Why do we care about the road not taken when it comes to movies? Isn’t it water under the bridge by the time it gets to us anyway? Well, yes, but in some cases it’s absolutely heartbreaking what might have been, and keeping these missed opportunities in our hearts is the only way to acknowledge some great performances we will never see. In other cases, we hear that, say, Nicholas Cage could have been Superman, and shiver at the very thought, thanking the Gods for being merciful. But the main reason we revel in such trivia (aside from the fact that it distracts us from real problems, of course) is that it helps us remember how complicated making anything as big as a feature film really us. Also, it gives us a great excuse to dick around in Photoshop. Of course, sometimes the right actor enters the audition with a heavenly beam of light around them and that’s that. Most of the time, they don’t. Here’s your proof.


11) Danny DeVito as Sallah, Raiders of the Lost Ark

devito sallah.jpg

?We were robbed, brothers and sisters: the large and boisterous Egyptian excavator could have been played by a tiny foul-mouthed New Yorker in what is one of the most hilariously bits of alternate casting to imagine ever. In fact, DeVito was Spielberg’s first choice, and I’m guessing the character was originally conceived in a mold suitable for his…uh…style. This also would have allowed us the chance to own Mr. DeV in action figure form years before his childhood-destroying turn as the Penguin. Still waiting on that fully articulated Frank Reynolds, by the way.


10) Sissy Spacek as Princess Leia, Star Wars

spacek leia.jpg

?The word is that Carrie was casting at the same time, and Spacek and Carrie Fisher auditioned for each other’s roles. While I can see Fisher as Carrie, not just because it’s her name, I can’t really see Spacek working as Leia.

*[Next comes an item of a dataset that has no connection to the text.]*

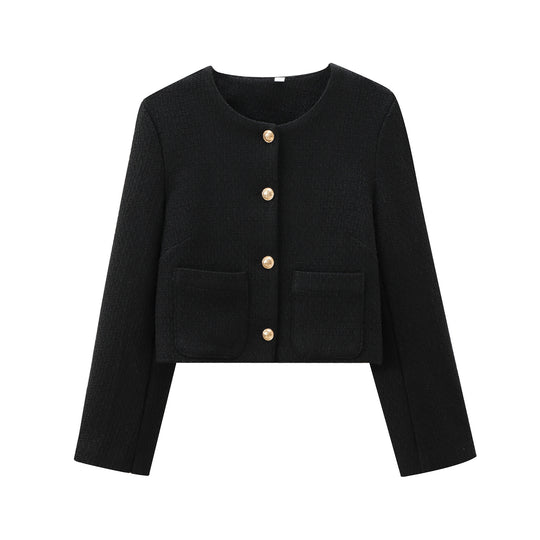 Damen elegante Kurzjacke im strukturierten Tweed-Stil mit praktischen Taschen EB
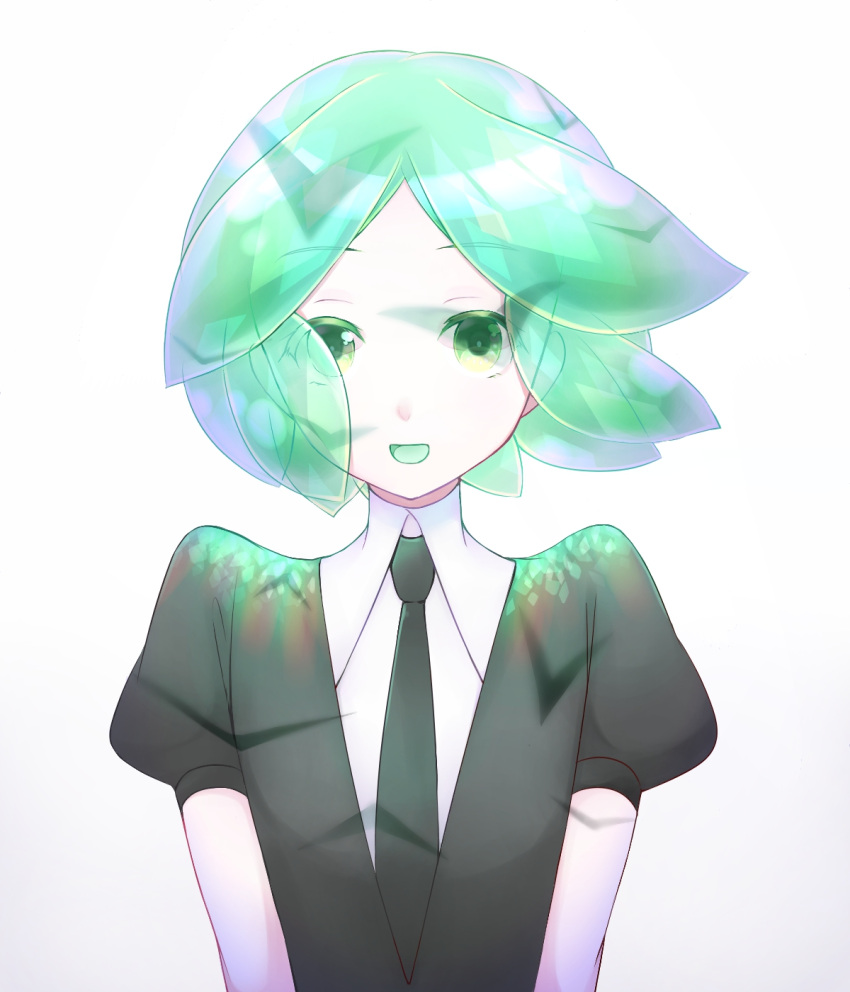 1other androgynous aqua_hair colored_eyelashes crystal_hair eyebrows_visible_through_hair eyes_visible_through_hair gem_uniform_(houseki_no_kuni) green_eyes green_hair highres houseki_no_kuni kanade_00xx looking_at_viewer necktie nekotamago open_mouth phosphophyllite short_hair smile solo upper_body white_skin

She would have been too warm, and lost that toughness that Leia had even when forced to sing weird songs about Wookie Life Day. For a long time there was a rumor that Fisher turned down Carrie because of the nudity, but that’s not actually true (supposedly she said that she loves to be naked and would have done it even then, although that certainly doesn’t jive with what I’ve heard about her experience with the metal bikini). She probably just wasn’t cast, pure and simple, just as Spacek wasn’t.

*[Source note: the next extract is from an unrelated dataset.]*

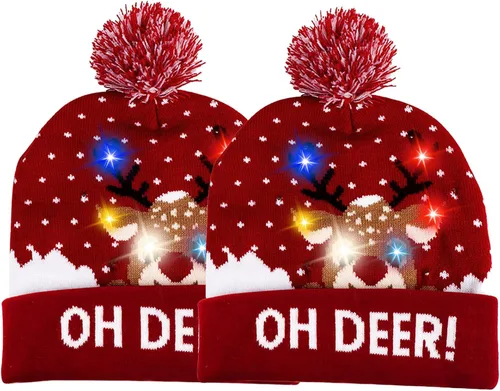 LED Christmas Hat Red, Light Up Christmas Hat Beanie Holiday Hat with Cute Deer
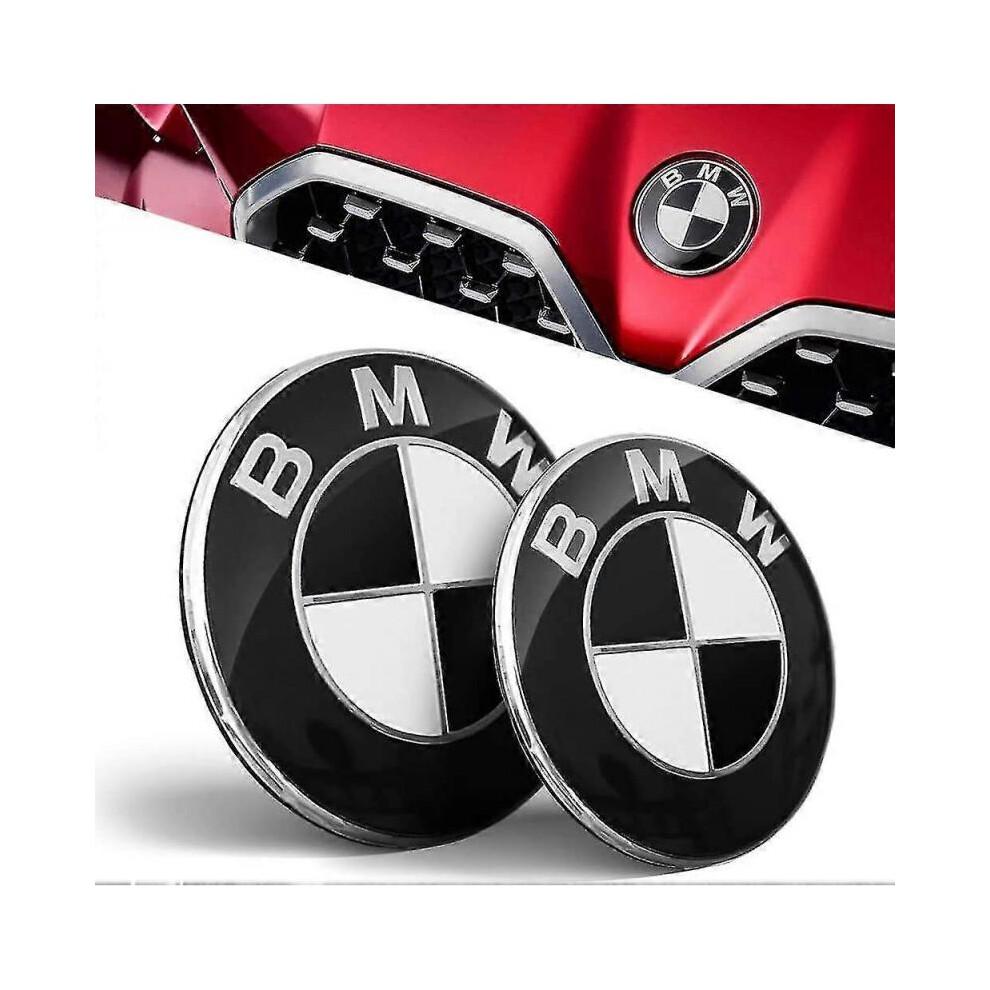 7pcs Black Emblems Hood And Trunk for All Models E30 E36 E46 E34 E39 E60 E65 E38 X3 X5 X6 3 4 5 6 7 8 (82mm + 73mm)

9) Will Smith as Neo, The Matrix

will-smith-neo.jpg

?As tired as you may be of seeing Will Smith’s giant, front-facing head on billboard ads, he is actually a talented actor as well as a Hollywood favorite. Although he might not seem tonally right for the bleakness of the Wachowskis, this could have been good, provided he made an actual effort to be convincing as a morose hacker/messiah and dialed it down a little bit. Had he been cast, this movie would have had not one but two badass black guys in major roles and could have inspired a whole wave of grad school papers about African-Americans in post-apocalyptic/dystopian science fiction. But to Smith’s credit, he turned it down because he felt he would have “messed it up” and wasn’t ready for a movie this serious. Against Smith’s credit, he opted to make Wild Wild West instead, although I guess that just proves his point. The only major disappointment here is that we didn’t get a chart-topping summer hip-hop hit called “Bullet Time (Black Suits Comin’)” or something to play over the end credits, which of course would have improved the film immensely.

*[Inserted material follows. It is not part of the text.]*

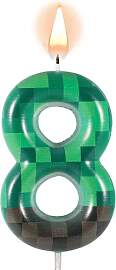 Lasuroa Grüne Pixel Geburtstagskerze mit Motiv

8) Alan Rickman and Alfred Molina as Lister and Rimmer, Red Dwarf


So these both seem like pretty strange choices now, but remember that in the early late ’80s these actors were a few rungs lower on the British acting ladder and less solidified in the public mind. Molina could have worked: despite his dramatic background, he can do comedy and would have made a decent (though somewhat flavorless) Lister. He was apparently cast as Rimmer, which also seems acceptable, maybe a better fit for him. I can see him as dry and stuffy while also being prattish and neurotic. But Rickman? Hard to imagine him fully at home in either role. His Rimmer wouldn’t have been elastic or fallible enough and his Lister would definitely have been too depressing. Maybe it could have succeeded as something, but it wouldn’t have been the show we now know and love. Plus, Rickman got his big cross-continental break as the bad guy in Die Hard around the same time, so it’s not like anyone in this equation missed out.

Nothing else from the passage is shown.